Clague and Canfield establish differences in race for Sheriff

The two men that are vying to be Knox County Sheriff met in a candidate’s forum Wednesday night at the Galesburg Public Library. 

One thing there’s no debate over is that both David Clague and Kip Canfield have decades of law enforcement experience.

Clague said he works well with the Galesburg Police Department, saying the departments often assist each other in backup.

Canfield seemed to attack Clague for not having a strong relationship with the departments in the county. He says he would advocate for more cross training with departments in Galesburg, Abingdon, and Knoxville.

“Because if something happens in one of the schools outside of Galesburg, we’re going to have to draw from Galesburg for assistance,” Canfield said. “They don’t know what we do, and we don’t know what they do because there hasn’t been any shared training, then we’re going to have a problem.”

Canfield promised to wear a uniform and be on patrol himself.

Clague said that administrative duties are immense and that’s in part what keeps him off the streets largely, and he also wants to be able to objectively administer his deputies.

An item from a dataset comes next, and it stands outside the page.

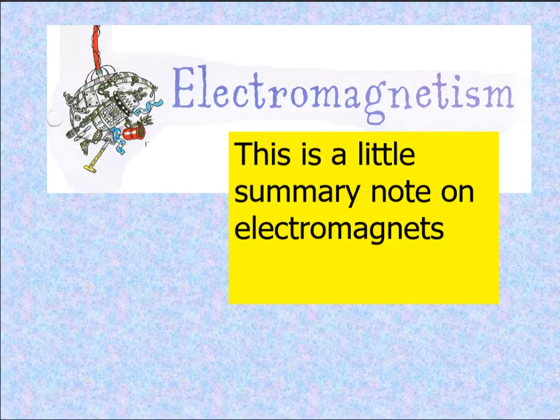Hello my dear students and welcome to this week's overview. During this week we'll be talking about electromagnetism. So this is a little summary note on electromagnets.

Speaking on jail safety, incumbent Clague said that the Department of Corrections inspects the jail annually and they’ve never had a violation in his 11 years in the office.

Canfield said to make the jail safer he would like to allow licensed volunteers to come in and work with inmates suffering from mental health issues.

In the discussion about making the jail safe, Clague said there were only 2 or 3 cameras in the booking area when he came into office and now there are 42 with more on the way.

“What that has done is help stop fights – not 100%, but it helps to stop the fights because they know they are on camera. Even if they get stopped – even if the fight is stopped before a correctional guard gets to them. They also know they’re going to be charged with a criminal offense, very simple.”

Canfield seemed to suggest that less focus should be placed on drug busts at the Amtrak Station. He says most of those arrests are for marijuana when resources should be focused on harder drugs like meth.

Canfield cast doubt on the reliability of body cameras and mics even though he said they can be a “great tool.” He also said the cost associated would likely be great.

Clague said the servers to store video is the most expensive part of body cameras, but he would be very interested in Knox County obtaining them in the future.

When asked how their political affiliation will figure into their handling of the position, both men lamented the fact that they have to declare a party for this race. They also emphasized their willingness to work with members of either party.

Clague has been Sheriff for 11 years, and Canfield has 35 years in law enforcement.